IN-BANDWIDTH (in_bandwidth) -
{-|bandwidth[:burst]|~bandwidth[:
interval:decay_interval]}
The incoming bandwidth of that
interface. Please note that you are not able to do traffic shaping on incoming
traffic, as the traffic is already received before you could do so. But this
allows you to define the maximum traffic allowed for this interface in total,
if the rate is exceeded, the packets are dropped. You want this mainly if you
have a DSL or Cable connection to avoid queuing at your providers side.
If you don't want any traffic to be dropped, set this to a value to zero in
which case Shorewall will not create an ingress qdisc.Must be set to zero if
the REDIRECTED INTERFACES column is non-empty.
The optional burst option was added in Shorewall 4.4.18. The default
burst is 10kb.

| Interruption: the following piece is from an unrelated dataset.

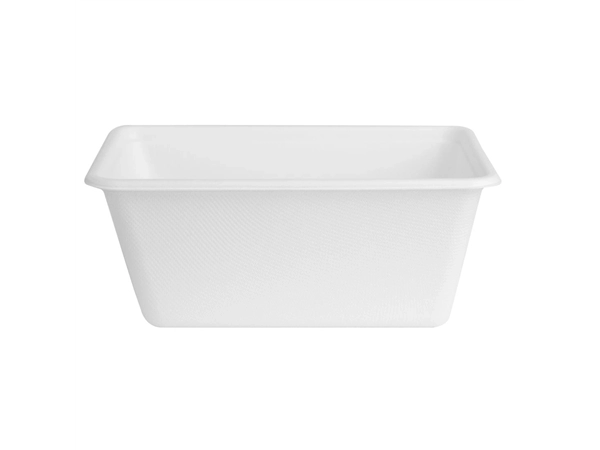 Vous pouvez acheter un Barquettes alimentaires en bagasse Fiesta Compostable 1000ml (lot de 100) chez Supplierz BV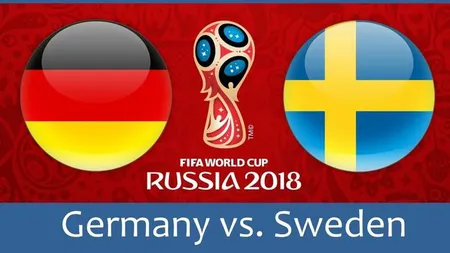 GERMANIA - SUEDIA LIVE VIDEO ONLINE STREAMING TVR: 2-1. Favoriţi la câştigarea trofeului, nemţii au tremurat în grupe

A larger burst can help make the bandwidth
more accurate; often for fast lines, the enforced rate is well below the
specified bandwidth.
What is described above creates a rate/burst policing filter. Beginning with
Shorewall 4.4.25, a rate-estimated policing filter may be configured instead.
Rate-estimated filters should be used with ethernet adapters that have Generic
Receive Offload enabled by default. See Shorewall FAQ 97a[1].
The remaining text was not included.